**Records drawn from a dataset**

- Opening Delimiter -

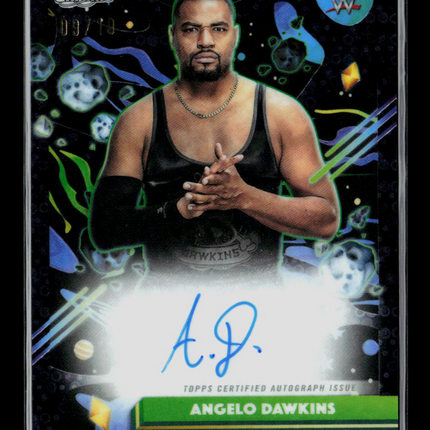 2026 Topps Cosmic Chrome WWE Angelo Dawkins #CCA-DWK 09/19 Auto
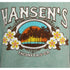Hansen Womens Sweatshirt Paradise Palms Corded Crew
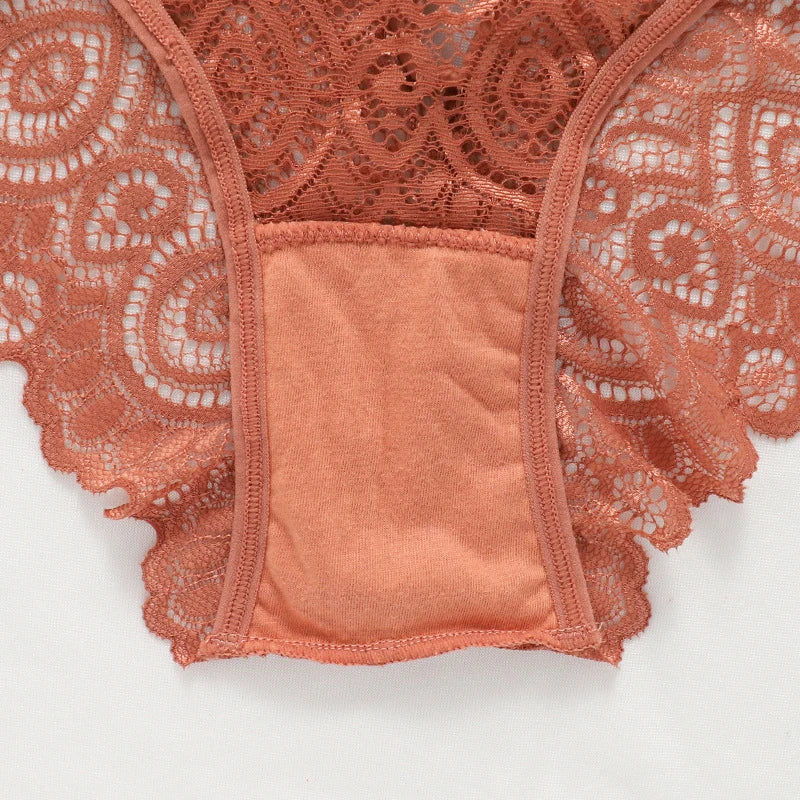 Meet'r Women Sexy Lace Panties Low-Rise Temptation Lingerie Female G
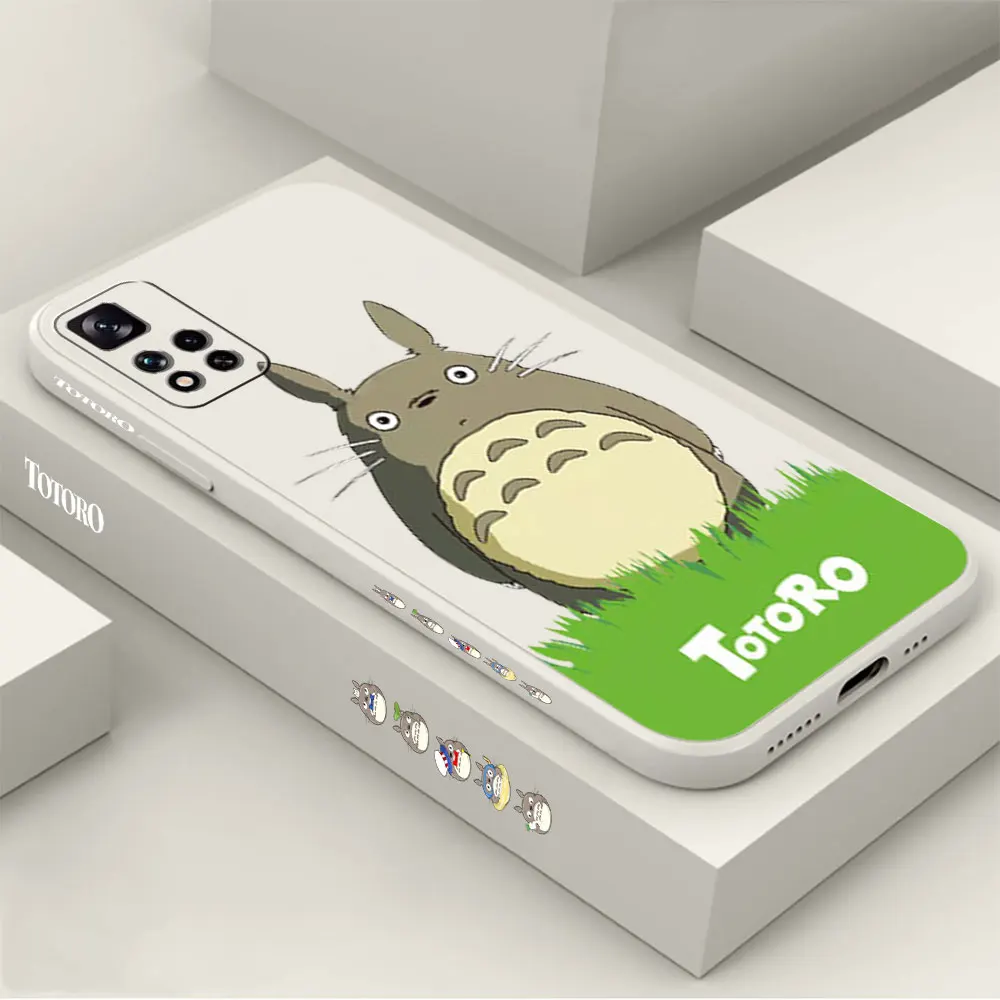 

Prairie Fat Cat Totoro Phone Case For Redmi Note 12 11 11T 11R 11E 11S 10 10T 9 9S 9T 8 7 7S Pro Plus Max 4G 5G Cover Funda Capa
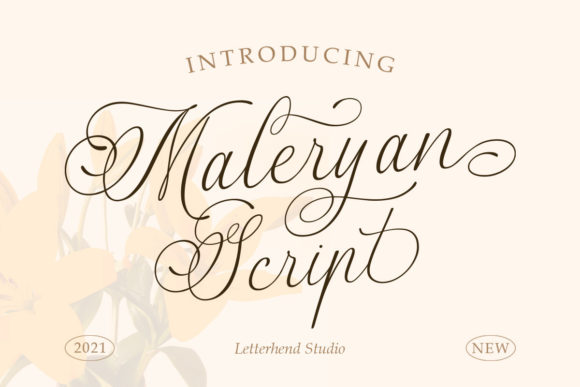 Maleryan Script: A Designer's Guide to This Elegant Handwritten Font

- Closing Delimiter -

**ACTION ITEM**
You need to restate all of the entries above exactly and leave the pictures behind.

**RESULT OF THE TASK**
 2026 Topps Cosmic Chrome WWE Angelo Dawkins #CCA-DWK 09/19 Auto
Hansen Womens Sweatshirt Paradise Palms Corded Crew
 Meet'r Women Sexy Lace Panties Low-Rise Temptation Lingerie Female G

Prairie Fat Cat Totoro Phone Case For Redmi Note 12 11 11T 11R 11E 11S 10 10T 9 9S 9T 8 7 7S Pro Plus Max 4G 5G Cover Funda Capa
 Maleryan Script: A Designer's Guide to This Elegant Handwritten Font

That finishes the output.